**Exercise goal:** Repeat the listing exactly. Any picture in it should be left out of the copy.
══ Data provided
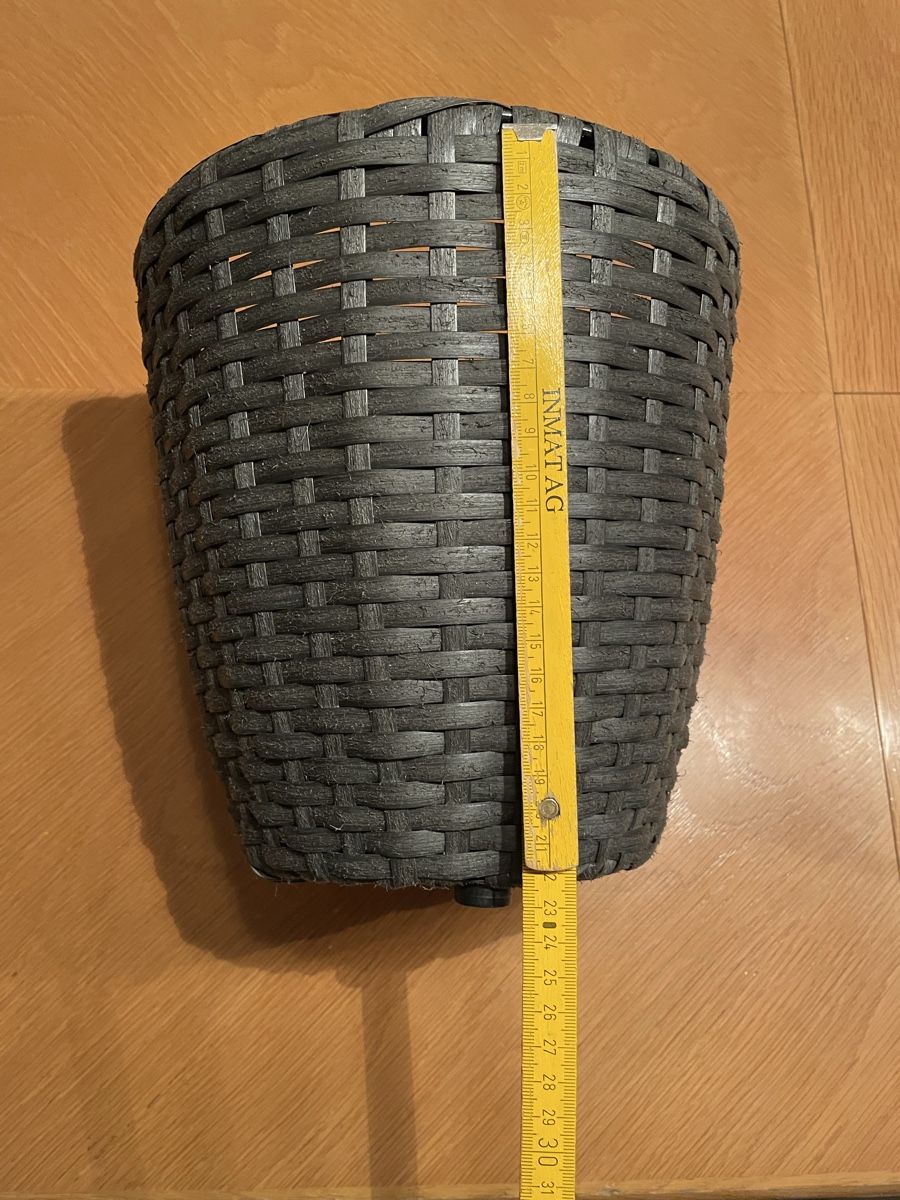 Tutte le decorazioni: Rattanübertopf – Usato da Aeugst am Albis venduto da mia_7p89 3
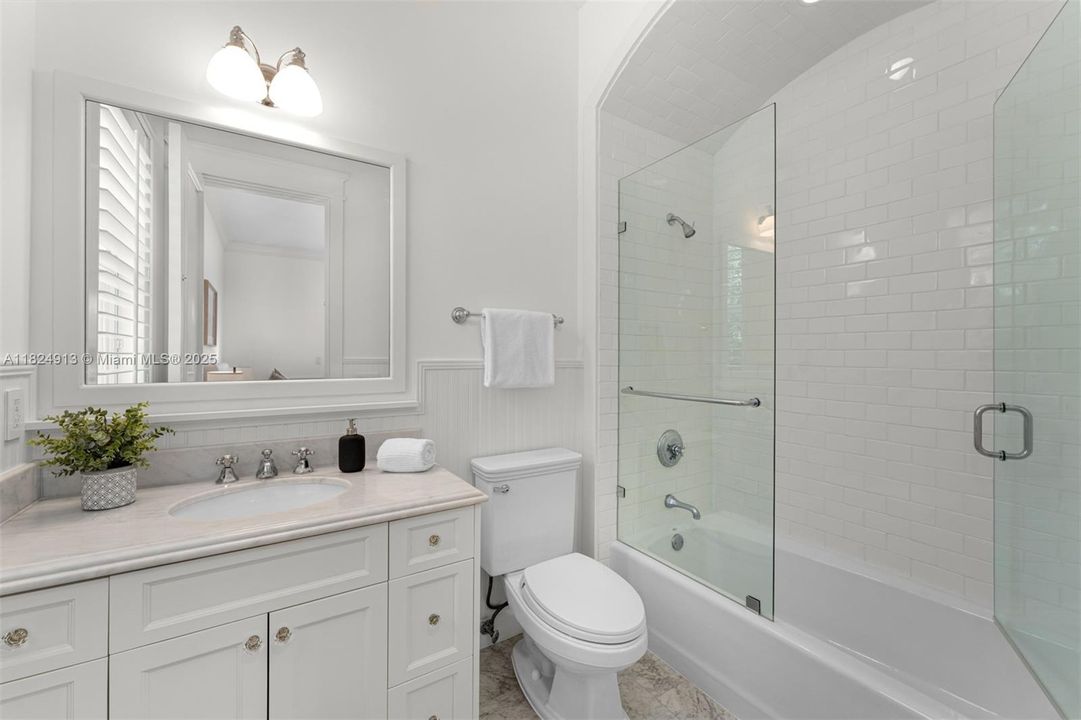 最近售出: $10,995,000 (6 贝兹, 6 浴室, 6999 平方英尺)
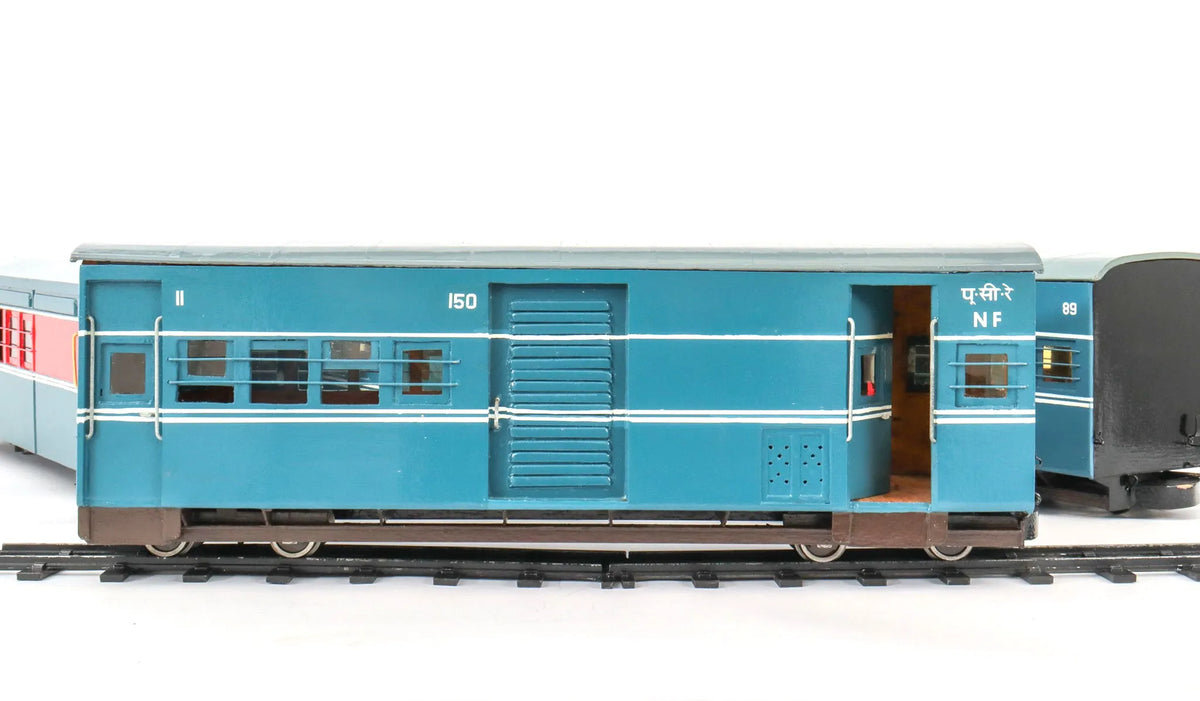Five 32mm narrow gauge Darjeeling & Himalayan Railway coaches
════
**Answer section:**
 Tutte le decorazioni: Rattanübertopf – Usato da Aeugst am Albis venduto da mia_7p89 3
 最近售出: $10,995,000 (6 贝兹, 6 浴室, 6999 平方英尺)
Five 32mm narrow gauge Darjeeling & Himalayan Railway coaches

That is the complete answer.